David Rosenthal discusses the last 25 years of digital preservation efforts in regards to academic journals. It's a long-standing problem and discontinued journals continue to disappear from the Internet. Paper, microfilm, and microfiche are slow to degrade and are decentralized and distributed. Digital media are quick to disappear and the digital publications are usually only in a single physical place leading to single point of failure. It takes continuous, unbroken effort and money to keep digital publications accessible even if only one person or institution wishes to retain acccess. He goes into the last few decades of academic publishing and how we got here and then brings up 4 points abuot preservation, especially in regards to Open Access publishing.
Lesson 1: libraries won't pay enough to preserve even subscription content, let alone open-access content.
[...] Lesson 2: No-one, not even librarians, knows where most of the at-risk open-access journals are.
[...] Lesson 3: The production preservation pipeline must be completely automated.
[...] Lesson 4: Don't make the best be the enemy of the good. I.e. get as much as possible with the available funds, don't expect to get everything.

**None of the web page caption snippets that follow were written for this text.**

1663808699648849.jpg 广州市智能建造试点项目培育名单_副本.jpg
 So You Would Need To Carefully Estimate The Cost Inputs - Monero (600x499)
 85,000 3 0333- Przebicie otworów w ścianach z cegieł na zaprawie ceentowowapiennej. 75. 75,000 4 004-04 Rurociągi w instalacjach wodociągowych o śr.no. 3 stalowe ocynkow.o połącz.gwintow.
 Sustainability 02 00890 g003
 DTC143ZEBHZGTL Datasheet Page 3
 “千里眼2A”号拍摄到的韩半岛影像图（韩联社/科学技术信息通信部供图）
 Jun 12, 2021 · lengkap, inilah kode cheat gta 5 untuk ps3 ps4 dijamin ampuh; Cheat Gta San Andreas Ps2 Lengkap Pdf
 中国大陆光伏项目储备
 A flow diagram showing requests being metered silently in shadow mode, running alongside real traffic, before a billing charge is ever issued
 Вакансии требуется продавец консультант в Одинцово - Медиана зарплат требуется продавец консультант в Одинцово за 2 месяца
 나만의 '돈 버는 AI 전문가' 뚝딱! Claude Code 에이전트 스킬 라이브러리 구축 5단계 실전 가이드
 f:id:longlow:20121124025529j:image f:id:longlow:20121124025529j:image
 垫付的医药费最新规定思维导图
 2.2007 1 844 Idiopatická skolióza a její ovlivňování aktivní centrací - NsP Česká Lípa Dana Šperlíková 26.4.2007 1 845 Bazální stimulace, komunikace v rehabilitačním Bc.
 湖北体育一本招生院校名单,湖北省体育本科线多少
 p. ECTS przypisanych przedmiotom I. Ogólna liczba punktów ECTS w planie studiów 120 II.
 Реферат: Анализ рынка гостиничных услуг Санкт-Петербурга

He posits that focus should be on the preservation of the individual articles, not the journals as units.
Previously:
(2020) Internet Archive Files Answer and Affirmative Defenses to Publisher Copyright Infringement Lawsuit
(2018) Vint Cerf: Internet is Losing its Memory
(2014) The Importance of Information Preservation
(Score: 3, Interesting) by bzipitidoo on Sunday September 20 2020, @06:55PM (12 children)
Digital storage can be way cheaper. I find somewhat suspect these protestations that budget problems are crippling efforts to operate digitally. I should guess copyright law is a bigger impediment.
As far as not letting the perfect be the enemy of the good, we've also been bad at encoding data. Portable Document Format sucks, but for many things, it's the best we have. PDF is notorious for bloat. (For instance, for that and other reasons, whenever the green site linked to a PDF, it was accompanied by a statement "Warning: PDF".) And, while fairly open, it's still too proprietary. Most of all, it can be a total pain to modify. A misspelling or typo often can't be easily fixed. It wasn't designed to be modified, and I think that was a fundamental mistake. One thing I find very interesting is arxiv's preference for the source, in LaTeX. They will take a PDF, but they'd rather have the LaTeX.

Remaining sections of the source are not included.